What to Look for in a DLaaS Service Provider
Now that you know how DLaaS works and the different ways you can use it, here is what to look for in a DLaaS provider.

Relevant Industry Experience
Choose a DLaaS service provider with relevant experience in your industry. This is especially important if you operate in highly regulated industries like banking and finance, healthcare, and government services. Such industries have strict data privacy and data sovereignty laws, which influence how and where local data is stored, used, and disposed of.
For these reasons, it’s important that your business can clearly disclose how you plan to collect and use your data. This could be for model training purposes or predicting potential future outcomes.
At Orient Software, we have vast industry experience in financial services and insurance, healthcare, e-commerce, logistics and supply chain, eLearning and education, human resources (HR), and MarTech. We understand the unique challenges that clients often face in these industries, and we develop robust AI-driven solutions that help deliver measurable results.
Appropriate Technology Stack
When it comes to incorporating AI into your business, you need a technology partner whose tech stack matches your own. This is especially true if you already use products and services provided by the same platform holder.
If your company is already invested in the Microsoft ecosystem, then you could benefit from Microsoft Azure’s deep learning capabilities. You can connect things like Azure Container Apps, Azure Functions, and Azure Spring Apps, among others. This enables you to continue to use your enterprise services as normal, but with the added benefit of deep learning capabilities.
Unsure which DLaaS service best fits your existing tech stack? A technology partner can help you answer that question. At Orient Software, we can evaluate your existing tech stack and recommend a tailored deep learning solution – one that complements your existing workflows and integrations.
Ongoing Support
Your DLaaS system is not a one-and-done solution. It’s a constantly evolving service that requires regular upkeep and maintenance. Unfortunately, many companies lack the on-site talent and time to maintain their AI-powered solutions.
Choose a technology partner that can continuously monitor, maintain, and support your DLaaS system. They should be able to help you scale up and down your services as needed. This could involve adding new features and services, decommissioning unnecessary services, and addressing issues with deployed deep learning models, such as biased decision-making due to poor-quality data.
Orient Software provides continuous monitoring and support services for all of our deep learning applications. We ensure your AI systems gather and process only the highest-quality data, enabling you to make the most accurate and informed decisions. We also ensure compliance with constantly-changing data privacy rules and regulations, keeping you ahead of the curve and above board.
Empower Your Business with Powerful DLaaS Solutions
AI has forever changed how businesses run. But many companies lack the on-site resources to effectively deploy and manage their own AI systems. Cloud-based deep learning solutions allow businesses to quickly and easily incorporate AI into their workflows, at a fraction of the time and cost of a local installation.

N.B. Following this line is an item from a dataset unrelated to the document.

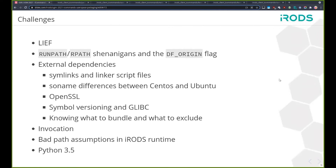Here are some of the challenges we ran into. Lief is a Python module that we use to do a lot of the surgery. It's very handy and does nearly everything we want it to do. It doesn't come with a lot of extra baggage — you don't need to compile it, it's very easy to get your hands on, no extra dependencies, it's in pip. The thing is, it's very crashy and has a tendency to mangle binaries when it's done working with them. So in some cases it's used as a fallback — we try to avoid using it unless we have to.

Orient Software is the technology partner you can trust for DLaaS solutions. Equipped with years of industry knowledge, deep expertise in different AI & ML technologies, and 350+ skilled tech staff, we’re committed to helping businesses like yours make the most of your data.
Contact us today. Find out how our artificial intelligence consulting and development services can give your business a leading edge.
Frequently Asked Questions (FAQs)
What is Data Engineering, and Why Does My Business Need It?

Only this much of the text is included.